Het Europese Hof voor de Rechten van de Mens kraakt in zijn voegen vanwege de hoge werklast, maar ligt tegelijkertijd ook onder vuur van enkele regeringen. De Nederlandse en Britse regering bijvoorbeeld pleiten ervoor dat het Hof de verdragslanden wat meer beleidsvrijheid laat. Tineke Strik bekritiseerde deze lobby van de Nederlandse regering in het debat over de toekomst van het Hof. Lees haar bijdrage.

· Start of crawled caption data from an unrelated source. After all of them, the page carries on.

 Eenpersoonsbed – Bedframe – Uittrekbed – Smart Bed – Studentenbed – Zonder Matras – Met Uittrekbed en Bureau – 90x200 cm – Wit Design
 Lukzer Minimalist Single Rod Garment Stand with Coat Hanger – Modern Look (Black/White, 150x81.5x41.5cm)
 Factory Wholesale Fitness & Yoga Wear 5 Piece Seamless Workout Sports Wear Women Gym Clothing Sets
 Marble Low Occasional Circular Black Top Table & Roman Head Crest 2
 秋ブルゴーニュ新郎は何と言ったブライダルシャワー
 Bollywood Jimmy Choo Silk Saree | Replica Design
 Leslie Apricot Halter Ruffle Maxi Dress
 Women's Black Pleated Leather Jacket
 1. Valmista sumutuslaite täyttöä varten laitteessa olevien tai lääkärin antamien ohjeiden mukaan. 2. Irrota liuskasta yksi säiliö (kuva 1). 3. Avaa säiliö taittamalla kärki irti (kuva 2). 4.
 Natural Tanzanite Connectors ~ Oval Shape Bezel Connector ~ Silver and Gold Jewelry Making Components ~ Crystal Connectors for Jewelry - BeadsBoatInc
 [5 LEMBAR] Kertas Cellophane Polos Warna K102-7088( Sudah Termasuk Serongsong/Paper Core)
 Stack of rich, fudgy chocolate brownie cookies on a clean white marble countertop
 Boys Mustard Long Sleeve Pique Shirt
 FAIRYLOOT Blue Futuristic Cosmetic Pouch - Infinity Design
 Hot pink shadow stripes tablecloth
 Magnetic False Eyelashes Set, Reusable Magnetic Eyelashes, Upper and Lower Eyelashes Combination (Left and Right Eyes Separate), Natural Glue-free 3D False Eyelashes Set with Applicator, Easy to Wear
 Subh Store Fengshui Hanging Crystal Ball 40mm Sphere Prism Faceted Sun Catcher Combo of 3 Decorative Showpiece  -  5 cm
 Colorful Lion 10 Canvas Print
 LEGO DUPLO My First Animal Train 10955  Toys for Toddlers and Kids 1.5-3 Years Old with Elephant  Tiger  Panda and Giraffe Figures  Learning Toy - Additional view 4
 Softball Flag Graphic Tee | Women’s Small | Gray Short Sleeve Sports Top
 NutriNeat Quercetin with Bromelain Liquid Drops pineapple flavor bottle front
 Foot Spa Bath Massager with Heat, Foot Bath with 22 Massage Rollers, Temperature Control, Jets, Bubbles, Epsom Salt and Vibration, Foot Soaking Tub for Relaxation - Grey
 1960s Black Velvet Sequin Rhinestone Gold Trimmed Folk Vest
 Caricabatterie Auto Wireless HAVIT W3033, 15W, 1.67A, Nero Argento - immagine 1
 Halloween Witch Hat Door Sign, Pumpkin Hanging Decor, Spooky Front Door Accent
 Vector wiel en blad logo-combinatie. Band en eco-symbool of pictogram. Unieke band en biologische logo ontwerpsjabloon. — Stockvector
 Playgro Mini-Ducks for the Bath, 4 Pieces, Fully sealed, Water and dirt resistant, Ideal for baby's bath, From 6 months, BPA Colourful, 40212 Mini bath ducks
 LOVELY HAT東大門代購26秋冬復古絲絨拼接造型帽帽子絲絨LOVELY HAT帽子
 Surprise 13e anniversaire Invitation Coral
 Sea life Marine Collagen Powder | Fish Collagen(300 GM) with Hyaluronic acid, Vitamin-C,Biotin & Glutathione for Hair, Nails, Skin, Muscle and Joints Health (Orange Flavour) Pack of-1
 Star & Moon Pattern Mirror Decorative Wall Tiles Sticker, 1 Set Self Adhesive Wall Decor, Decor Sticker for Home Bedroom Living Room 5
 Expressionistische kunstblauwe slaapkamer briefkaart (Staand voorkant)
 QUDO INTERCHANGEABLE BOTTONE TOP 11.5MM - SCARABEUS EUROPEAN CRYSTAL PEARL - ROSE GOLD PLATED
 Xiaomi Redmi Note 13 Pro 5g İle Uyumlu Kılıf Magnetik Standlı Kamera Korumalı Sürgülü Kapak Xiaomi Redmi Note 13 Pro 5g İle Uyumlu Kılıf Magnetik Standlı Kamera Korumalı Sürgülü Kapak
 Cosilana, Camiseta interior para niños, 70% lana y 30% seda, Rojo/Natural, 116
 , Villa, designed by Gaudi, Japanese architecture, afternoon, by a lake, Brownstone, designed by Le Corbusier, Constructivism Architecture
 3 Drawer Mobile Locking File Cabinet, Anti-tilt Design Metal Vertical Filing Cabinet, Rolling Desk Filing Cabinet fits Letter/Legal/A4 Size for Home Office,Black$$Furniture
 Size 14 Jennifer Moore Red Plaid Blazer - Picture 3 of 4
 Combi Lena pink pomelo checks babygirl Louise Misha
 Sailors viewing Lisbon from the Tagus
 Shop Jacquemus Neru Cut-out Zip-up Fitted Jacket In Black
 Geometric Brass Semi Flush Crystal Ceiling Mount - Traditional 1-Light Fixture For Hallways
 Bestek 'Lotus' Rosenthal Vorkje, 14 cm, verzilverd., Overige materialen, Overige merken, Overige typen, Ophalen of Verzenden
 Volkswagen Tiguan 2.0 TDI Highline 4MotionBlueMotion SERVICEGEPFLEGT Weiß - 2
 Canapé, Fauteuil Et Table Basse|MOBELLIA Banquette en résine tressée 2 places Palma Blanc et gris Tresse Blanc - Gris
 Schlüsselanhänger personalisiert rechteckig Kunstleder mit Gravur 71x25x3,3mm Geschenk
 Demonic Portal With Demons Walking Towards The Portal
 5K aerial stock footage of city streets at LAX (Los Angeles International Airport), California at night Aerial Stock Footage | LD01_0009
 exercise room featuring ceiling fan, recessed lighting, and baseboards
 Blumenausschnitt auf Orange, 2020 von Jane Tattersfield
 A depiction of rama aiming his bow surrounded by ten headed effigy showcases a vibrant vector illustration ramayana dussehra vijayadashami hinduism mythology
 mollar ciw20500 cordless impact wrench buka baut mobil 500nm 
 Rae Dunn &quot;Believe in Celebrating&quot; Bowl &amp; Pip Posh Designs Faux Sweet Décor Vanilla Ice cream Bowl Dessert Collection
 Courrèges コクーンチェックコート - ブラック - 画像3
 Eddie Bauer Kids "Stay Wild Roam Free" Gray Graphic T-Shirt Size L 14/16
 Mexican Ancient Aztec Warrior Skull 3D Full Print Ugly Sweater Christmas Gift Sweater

Al ruim een halve eeuw waakt het Hof voor de Rechten van de Mens over de mensenrechten. In bijna een kwart van de landen in de wereld, kunnen burgers bij het Hof de bescherming kunnen inroepen van het EVRM tegen hun overheid. Voor regeringen die de democratische rechtsstaat en mensenrechten niet alleen zelf naleven, maar ook willen bevorderen in de wereld, is deze verworvenheid een kroonjuweel van de Raad van Europa te noemen. Onze regering drukte deze waardering dan ook terecht uit met de four freedoms award. Dat wil zeggen: bijna twee jaar geleden, luttele maanden voordat de gedoogconstructie werd gesmeed. Hoewel de term vrijheid in twee van de drie coalitiepartijen voorkomt, lijken deze vrijheden niet langer worden bepleit voor burgers, maar voor hun regeringen. Deze omwenteling heeft de Eerste Kamer, niet onberoerd gelaten. Niet vreemd, nu juist de Senaat bij de behandeling van wetgeving het EVRM en de rechtspraak van het EHRM als een belangrijk toetsingskader hanteert.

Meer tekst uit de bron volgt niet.